Baghdad: As the US winds up combat operations in Iraq this month, a gap is widening between the militaries of both countries and their political masters over whether American soldiers should stay beyond the 2011 deadline for a complete US troop withdrawal.

A security agreement between the two nations calls for all US troops to leave Iraq by the end of 2011. By September 1, only 50,000 American soldiers will remain in the country, their combat authority strictly curtailed in the largest step to date toward the 2011 deadline.

Mindful of their campaign promises, both Prime Minister Nouri Al Maliki and aides to President Barack Obama this week declared that this summer's withdrawal indeed marks the beginning of the end of US troops in Iraq.

Not so fast, said Gen.
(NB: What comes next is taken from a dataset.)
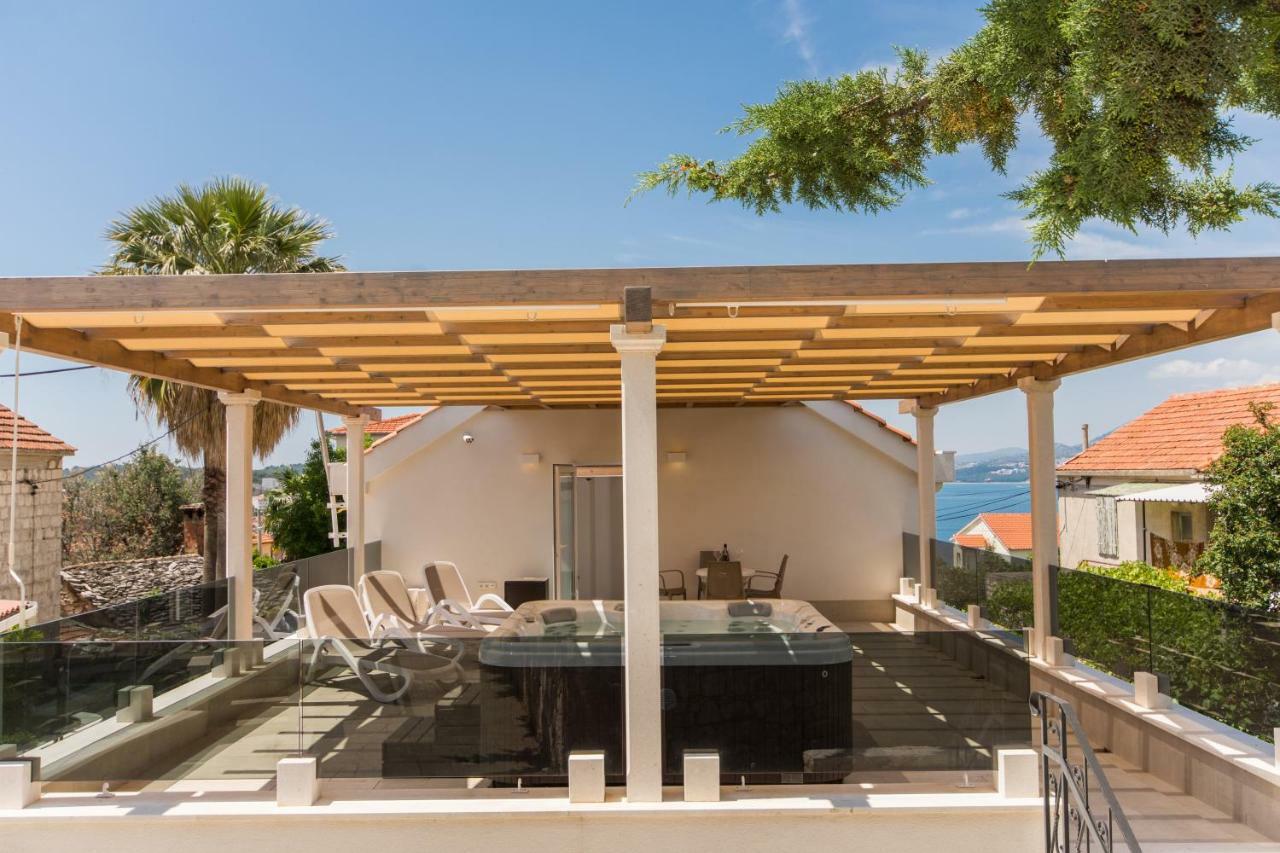Villa Hurem โตรกีร์ ภายนอก รูปภาพ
Babaker Shawkat Zebari, the Kurd who commands Iraq's military, warning again Wednesday that his army may not be ready to defend the nation until 2020.

"If it was in my hands, from the military perspective of the job, I would have asked them to keep some American bases in the country" until then, he told AP.

US troop withdrawal

The White House defiantly maintained Wednesday that all troops, save those working with the US Embassy and other diplomatic outposts, will be out of Iraq by the end of next year, just as Obama gears up for the 2012 presidential election campaign.

But within hours, while talking to Pentagon reporters en route to a military ceremony in Tampa, Florida, Defence Secretary Robert Gates left open the door that troops could stay in Iraq as long as Baghdad asks for them.

"We have an agreement with the Iraqis that both governments have agreed to that we will be out of Iraq at the end of 2011," Gates said. "If a new government is formed there and they want to talk about beyond 2011, we're obviously open to that discussion."

Bombings continue almost daily in Baghdad and around the rest of Iraq, a grim reality illustrated by the fact that the number of civilians killed by insurgents in July was the highest in two years.

Though violence is far lower than it was between 2005 and 2007, when revenge attacks brought the country to the edge of civil war, Iraq is far from secure.

Aid still needed

Even Al Maliki acknowledged Thursday that US aid, largely for an estimated 660,000 Iraqi troops, police forces and government-backed militias, will be needed far beyond 2011 to make Iraq safe.

"Despite accomplishing big progress in building these forces, they need more training, more rehabilitation and secure equipment," he said.

Ultimately, it's political leaders who make the final call, and without repeated spectacular attacks that signal the return of sectarian violence, there's little reason for Al Maliki or the White House to budge from the 2011 timeline.

"Right now, it makes no sense for the White House to rethink the policy, and there's no political advantage for Al Maliki to signal weakness or vacillation when that decision doesn't have to be made today and the reality isn't yet clear," said Juan Zarate, a fellow at the Centre for Strategic and International Studies who sat on the National Security Council during the Bush administration.

But he predicts "a serious debate" down the road on whether to keep troops in Iraq, especially if their departure could lead to Iranian meddling or threaten American interests.

No guarantee

Even if Iraq's government asks for US troops to stay, there's no guarantee the Obama administration will agree to it.

Doing so would likely infuriate Democrats within Obama's political base after he promised during his 2008 campaign to end what he termed "a dumb war."

Obama already has his hands full with the other, longer war in Afghanistan and with Republicans who are pummelling him with nonstop criticism of his handling of it.